## [What the exercise asks]
An exact copy of all the data is needed, with every picture left out.

## [Recorded information]
════════════════════

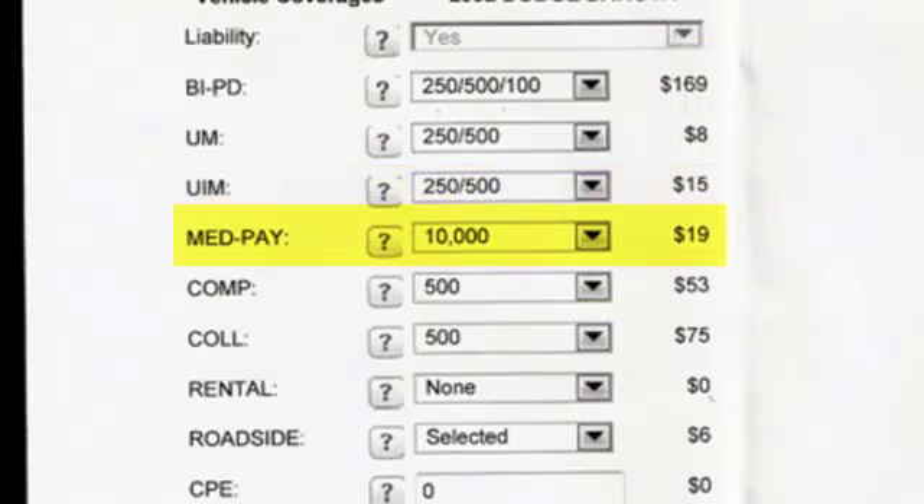Med pay at $10,000 is a quick payout for things like pinched fingers in doors and minor incidents — nothing real major.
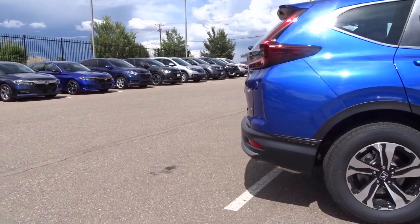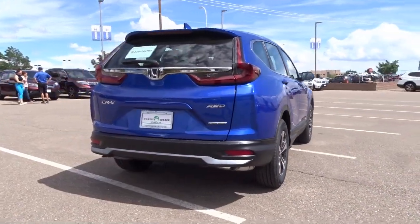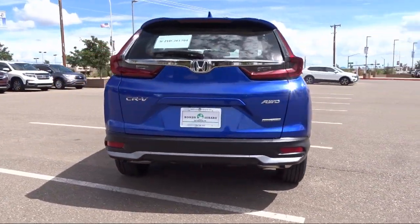So come in today and let us show you our dedication to quality service. We're located at 7511 Sirius Road in Santa Fe.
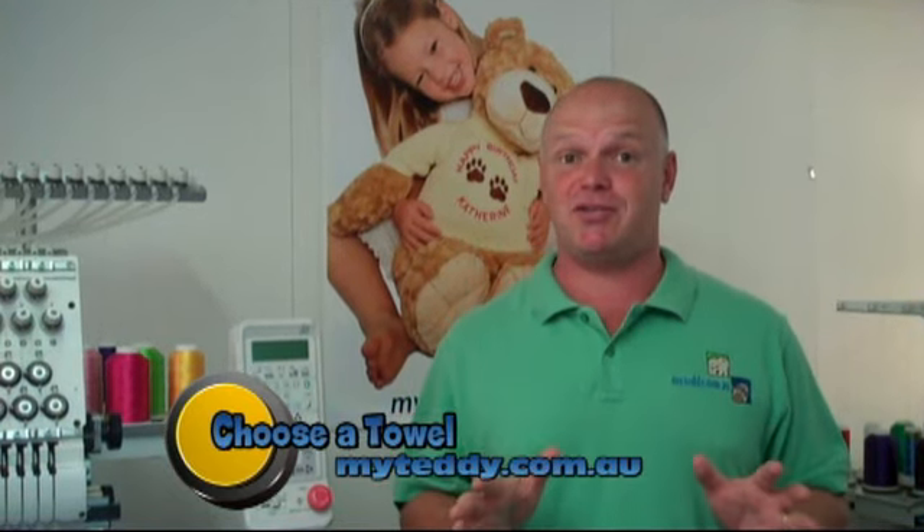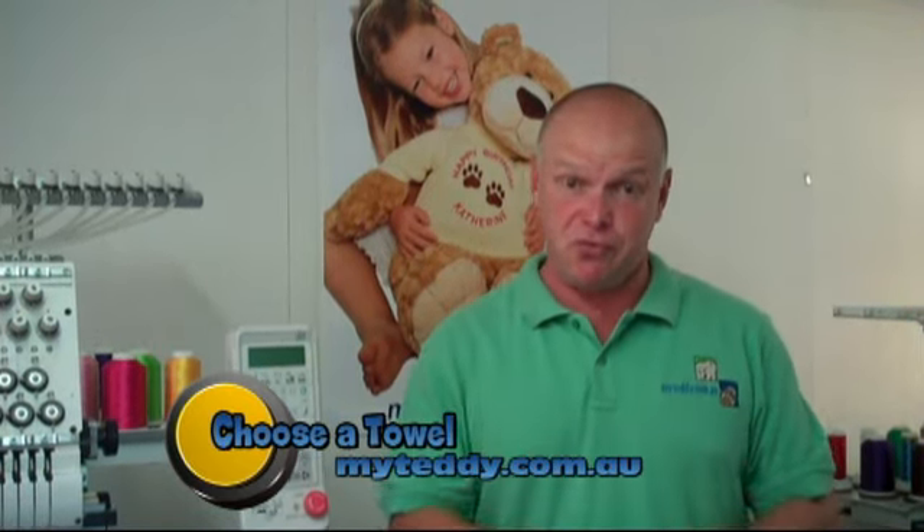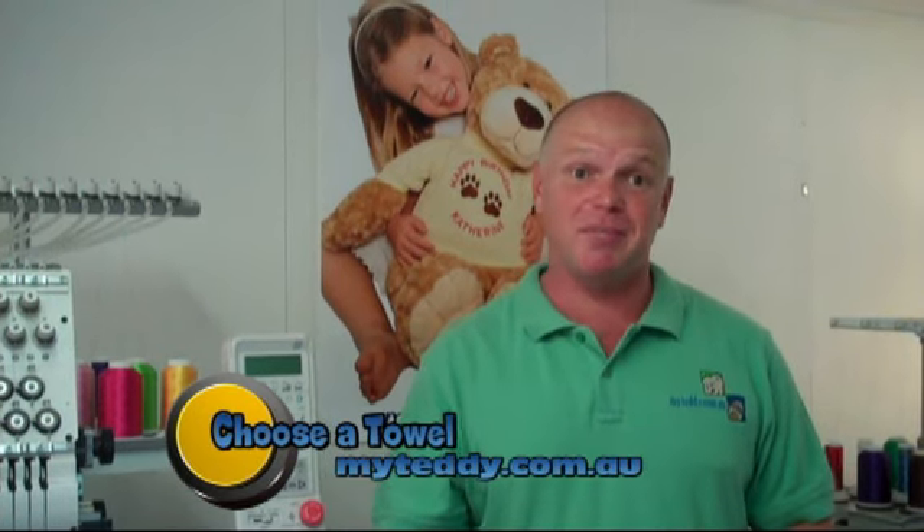Hi, this is the page with embroidered towel sets. We have several options available below with different themes like fairy castle, polka dots, and you will be able to put a name on the towels.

════════════════════

## [Exercise solution]
Med pay at $10,000 is a quick payout for things like pinched fingers in doors and minor incidents — nothing real major.
So come in today and let us show you our dedication to quality service. We're located at 7511 Sirius Road in Santa Fe.
Hi, this is the page with embroidered towel sets. We have several options available below with different themes like fairy castle, polka dots, and you will be able to put a name on the towels.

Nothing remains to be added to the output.